学校体贴备至地为我们把小卖部办得有声有色,上至衣帽鞋袜下至图钉纽扣应有尽有,就这么温柔一刀地斩断了我们所有出校的理由。于是,我们只好望着四角的天空日复一日地伤春悲秋,感慨外面的世界很精彩,里面的世界很无奈。
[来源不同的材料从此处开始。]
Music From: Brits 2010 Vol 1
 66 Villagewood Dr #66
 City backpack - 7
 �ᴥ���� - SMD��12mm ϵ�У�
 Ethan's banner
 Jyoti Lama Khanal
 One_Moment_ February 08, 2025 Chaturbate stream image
电视是围城中的我们与外界的唯一联系,并且我们只被允许在七点到七点半的时间看中央一套的节目。偶尔七点半过后老师没来,我们就能多看会儿电视。但遍地开花的综艺节目只会加剧我们心里的不平衡。因为那些所谓的明星正在回答“一年有几个星期”之类的问题,而我们却在研究在和地球不一样的重力系统下高速运动的物体之间能量交换和怎样在正方体上干净痛快、手起刀落地只凭一刀就切出一个六边形来。
围城拥有很多耀眼的光环,比如“全省重点中学”“全省校风示范学校”“青少年科学创新重点学校”等,我只知道校门口挂着十多个长短不一的牌子。其中最有分量的还是“S大学数学实验基地”的牌子。但牌子挂出来以后二中依然是二中,没有任何改变。
围城里多雾,很多时候都是城外阳光普照城内烟雨蒙蒙。学了一年的地理知识告诉我们地面状况间接影响着局部地区的天气,很可能是因为二中有个很大的湖和城外有条小得让我都不好意思称它为江的沱江。也很有可能是开水房的老伯们工作效率太高引起水蒸气外泄——事实上二中的开水永远是供不应求的。再有可能就是二中的绿化太好了,植物强烈的蒸腾作用让我们月朦胧鸟朦胧。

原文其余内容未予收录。